→ **Your instructions**:
With the pictures left out, copy the listing below exactly.

→ **Data excerpt**:
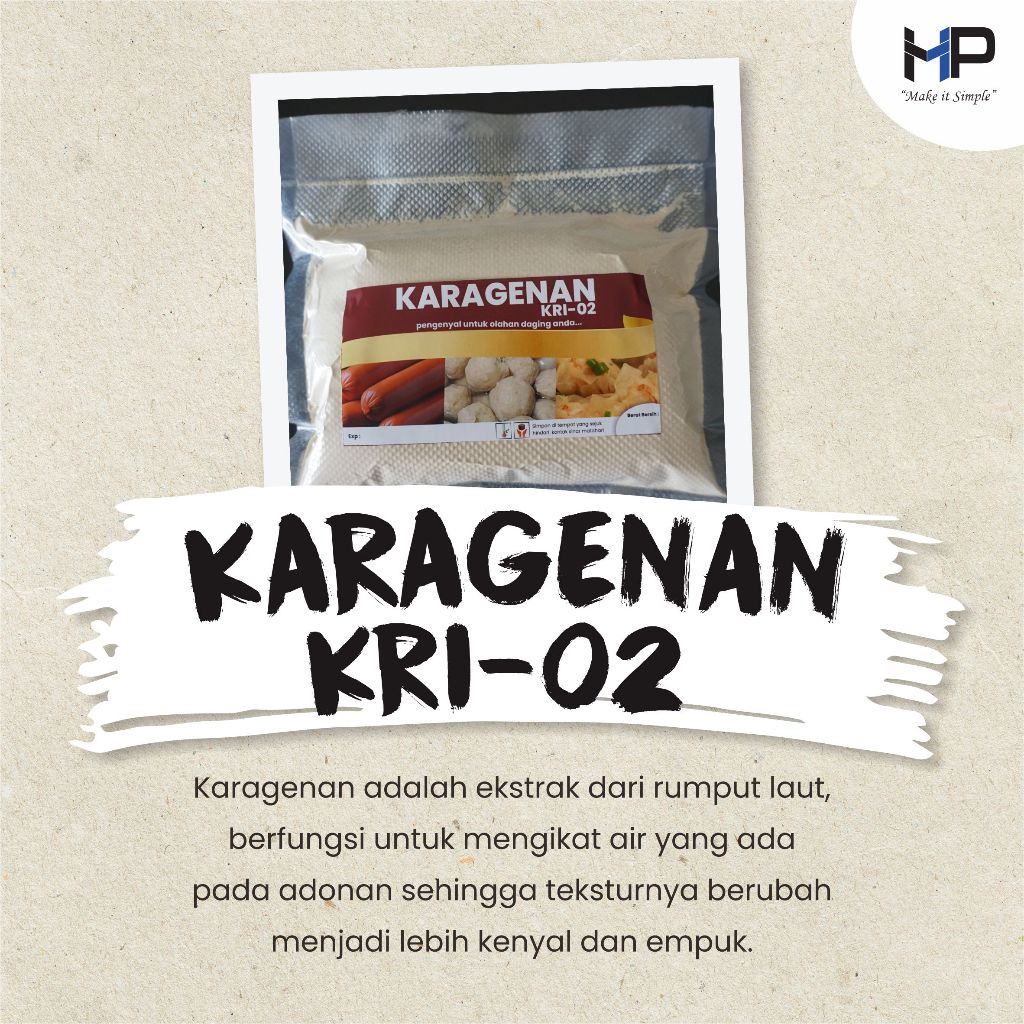 Kappa Karagenan KRI 02 - Pengenyal bakso/pentol dari rumput laut | Tidak pahit | pengikat cairan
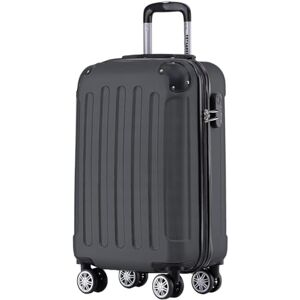 TRVLMORE Valise Cabine 55x35x25 Bagages Cabine Bagage Cabine 55x35x25 Petite Valise Valise Cabine 55x40x20 Valise Rigide Valise Roulette Trolley Voyage Suitcase Noir - Publicité TRVLMORE Valise Cabine 55x35x25 Bagages Cabine Bagage Cabine 55x35x25 Petite Valise Valise Cabine 55x40x20 Valise Rigide Valise Roulette Trolley Voyage Suitcase Noir - Publicité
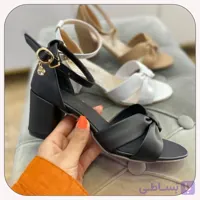 صندل گره ای پاشنه دار زنانه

→ **Completed exercise**:
 Kappa Karagenan KRI 02 - Pengenyal bakso/pentol dari rumput laut | Tidak pahit | pengikat cairan
 TRVLMORE Valise Cabine 55x35x25 Bagages Cabine Bagage Cabine 55x35x25 Petite Valise Valise Cabine 55x40x20 Valise Rigide Valise Roulette Trolley Voyage Suitcase Noir - Publicité TRVLMORE Valise Cabine 55x35x25 Bagages Cabine Bagage Cabine 55x35x25 Petite Valise Valise Cabine 55x40x20 Valise Rigide Valise Roulette Trolley Voyage Suitcase Noir - Publicité
 صندل گره ای پاشنه دار زنانه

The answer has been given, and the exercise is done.